There’s a clear incentive for dishonest folks to target seniors, and many of the scams and schemes used often appear entirely credible to the average eye. Tech support scams are one popular tactic using this model—a scammer will typically contact their target saying their computer is in need of repairs and will convince them to surrender control of their device which could lead to a number of serious issues. Microsoft estimates 3.3 million users of their products paid a total of $1.5 billion to tech support scammers in 2015.

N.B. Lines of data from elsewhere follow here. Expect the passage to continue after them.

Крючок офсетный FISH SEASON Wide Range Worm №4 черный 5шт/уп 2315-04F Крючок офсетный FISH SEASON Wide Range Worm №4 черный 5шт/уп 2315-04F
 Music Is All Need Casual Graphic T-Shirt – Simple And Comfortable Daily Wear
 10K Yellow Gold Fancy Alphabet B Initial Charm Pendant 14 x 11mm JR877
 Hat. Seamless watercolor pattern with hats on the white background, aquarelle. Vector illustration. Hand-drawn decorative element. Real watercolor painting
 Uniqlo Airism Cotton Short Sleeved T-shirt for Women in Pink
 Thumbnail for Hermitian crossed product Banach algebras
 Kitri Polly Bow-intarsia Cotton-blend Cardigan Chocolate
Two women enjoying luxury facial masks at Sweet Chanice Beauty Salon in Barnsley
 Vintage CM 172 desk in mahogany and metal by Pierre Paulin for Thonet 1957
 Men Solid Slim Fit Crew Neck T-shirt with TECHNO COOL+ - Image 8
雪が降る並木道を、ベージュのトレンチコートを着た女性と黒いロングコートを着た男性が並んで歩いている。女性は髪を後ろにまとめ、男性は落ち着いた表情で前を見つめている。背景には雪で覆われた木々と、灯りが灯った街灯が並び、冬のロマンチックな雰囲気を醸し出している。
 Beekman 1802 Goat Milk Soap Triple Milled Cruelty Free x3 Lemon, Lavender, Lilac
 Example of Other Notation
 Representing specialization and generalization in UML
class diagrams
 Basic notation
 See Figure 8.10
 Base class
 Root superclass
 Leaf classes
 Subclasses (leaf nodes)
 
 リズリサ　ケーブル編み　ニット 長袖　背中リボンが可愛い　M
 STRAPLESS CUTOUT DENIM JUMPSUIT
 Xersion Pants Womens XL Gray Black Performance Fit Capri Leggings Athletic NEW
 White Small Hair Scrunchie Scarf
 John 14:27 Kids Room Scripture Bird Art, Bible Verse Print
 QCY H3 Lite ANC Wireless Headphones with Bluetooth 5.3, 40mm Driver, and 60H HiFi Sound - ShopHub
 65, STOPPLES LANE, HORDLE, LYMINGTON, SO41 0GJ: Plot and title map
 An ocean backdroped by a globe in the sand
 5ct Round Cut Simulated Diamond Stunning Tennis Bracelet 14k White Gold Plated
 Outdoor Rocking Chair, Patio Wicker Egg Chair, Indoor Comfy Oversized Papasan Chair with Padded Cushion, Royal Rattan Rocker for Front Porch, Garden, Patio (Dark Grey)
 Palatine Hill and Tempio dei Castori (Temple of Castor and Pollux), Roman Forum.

So what can be done? Unfortunately, as long as the tactics keep working, the scam artists will continue working also. But in order to avoid becoming their next victim, you need to be informed. By informing yourself and your family about the tactics used by these scammers, you can protect yourself while making their lives much more difficult.
How do you detect a scam?
Despite scammers’ best efforts to disguise their schemes as legitimate messages, there are some telltale signs to help you spot them. Here are a few red flags to be on the lookout for:
- The company initiates contact: If you haven’t reached out for assistance, be very skeptical of any representative who contacts you about urgent repairs or technical fixes for your computer. Legitimate businesses with millions of customers have enough incoming support center calls that they’re not likely to seek out users to help.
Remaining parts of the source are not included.